Last year, we and several other influential thinkers were disappointed when President Trump chose not to name Neel Kashkari head of the Federal Reserve. It would have made so much sense, naming an easy-money bomb-thrower with so much in common with the president, but as always in such situations, Trump disappointed, failing to even consider Kashkari and instead naming a gray pair of safe hands who looked and sounded much like the woman he was firing and who he had pilloried during his presidential campaign. It looked like Kashkari would remain exiled in the frozen Northland for at least four more years.
Now, however, inconstant-in-chief is openly musing that nominating Jay Powell may have been the first mistake he’s ever made. And maybe it won’t be four years. Just in case, Kashkari is walking back his statement that if he’d been in Powell’s shoes he’d have done the same thing and returning to his dissenting-against-interest-rate-hike ways.

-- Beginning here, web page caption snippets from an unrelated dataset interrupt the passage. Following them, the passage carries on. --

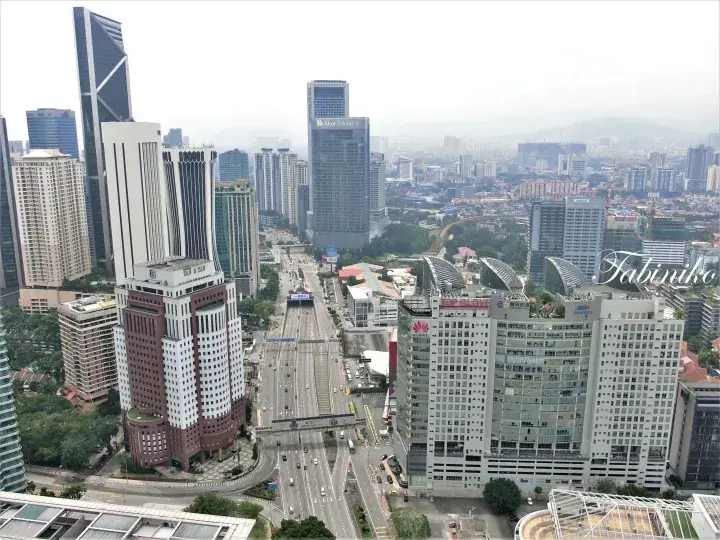 Kuala Lumpur cityscape view featuring the iconic Menara Maybank tower and bustling Jalan Tun Razak.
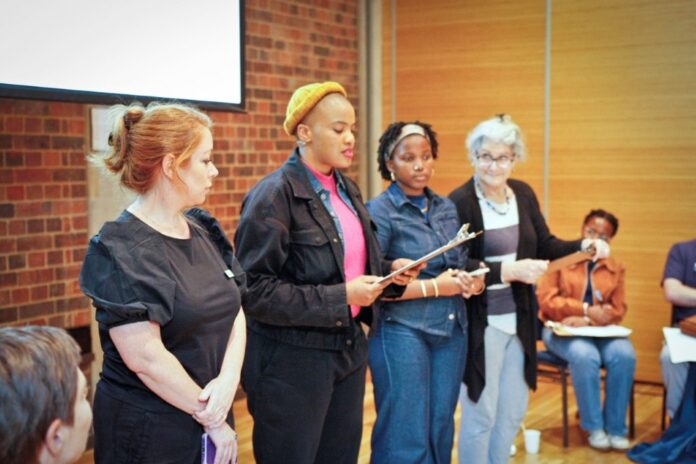 Bild: Catherine Boyd Auf dem Bild sieht man vier Personen auf einer Bühne, die miteinander etwas vortragen.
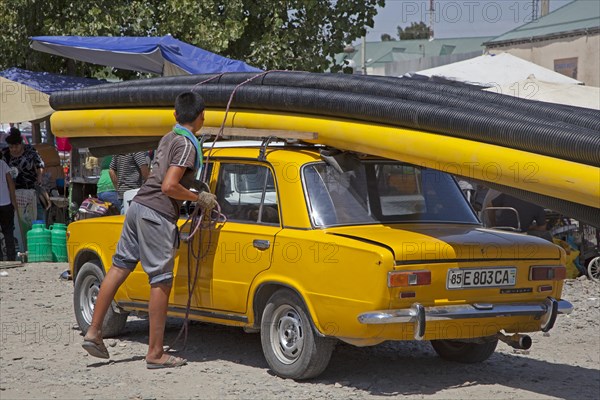 Uzbek boy fixing large pipes on top of old Trabant in Uzbekistan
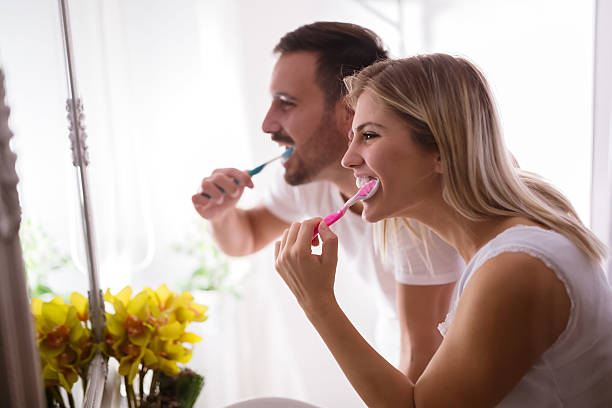 istock Couple washing teeth in morning 621132496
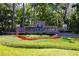 Hunter's Green community entrance with manicured landscaping at 9159 Highland Ridge Way, Tampa, FL 33647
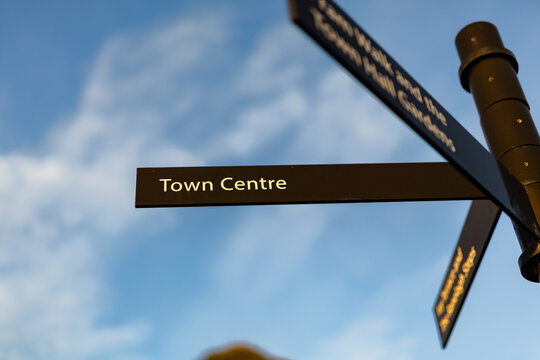 Town centre sign in a popular British seaside tourist destination, it is isolated against a blue sky with light clouds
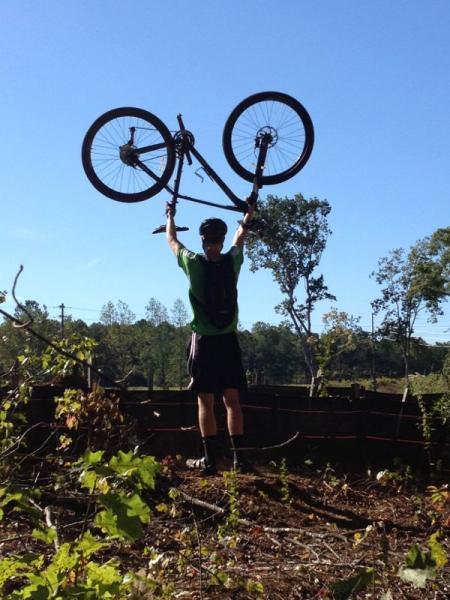 A person wearing a green shirt and black shorts raises a bicycle above their head against a clear blue sky. The background features trees and a wooden fence, suggesting an outdoor setting. Taylor Randahl Memorial Mountain Bike Trails At Olde Rope Mill Park mountain bike trail.
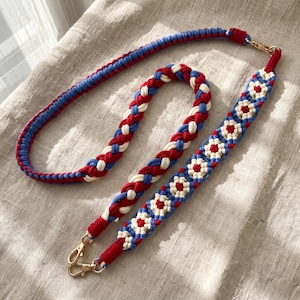 May include: A macrame strap featuring a braided design in red, white, and light blue cord. One section displays a repeating floral pattern, while the other is a simple braid. The strap includes gold-toned metal swivel clasps at both ends.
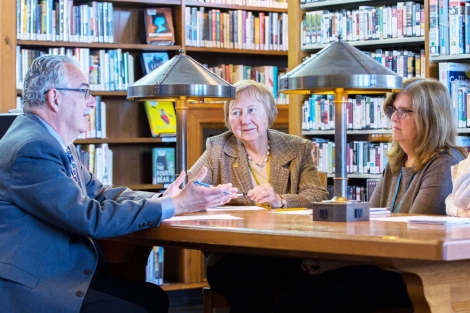 3 people discuss around a table at the library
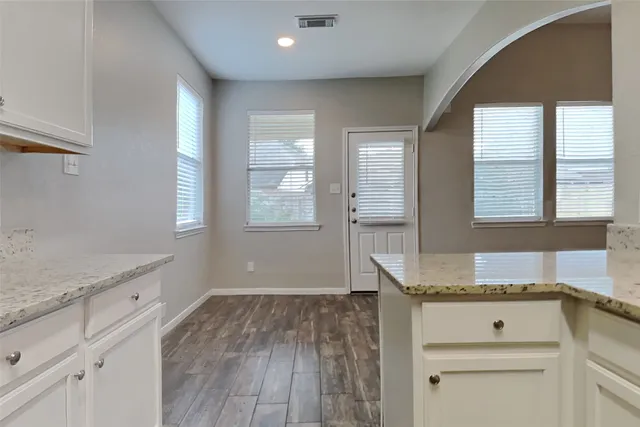 a kitchen with granite countertop white cabinets and wooden floor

The FOMC should seize this opportunity for a pause. With the federal-funds rate at 2% to 2.25%, monetary policy is now close to neutral, neither stimulating nor restricting the economy…. Until inflation or inflation expectations get meaningfully higher, the Fed should allow the economy to continue to strengthen, so as to allow as many Americans as possible to participate in the recovery.
Luckily for Powell, he doesn’t have to listen to Kashkari or suffer his open campaigning for Powell’s job from across the FOMC table until 2020, by which time he may have been called into the White House library to hear the president’s favorite two words.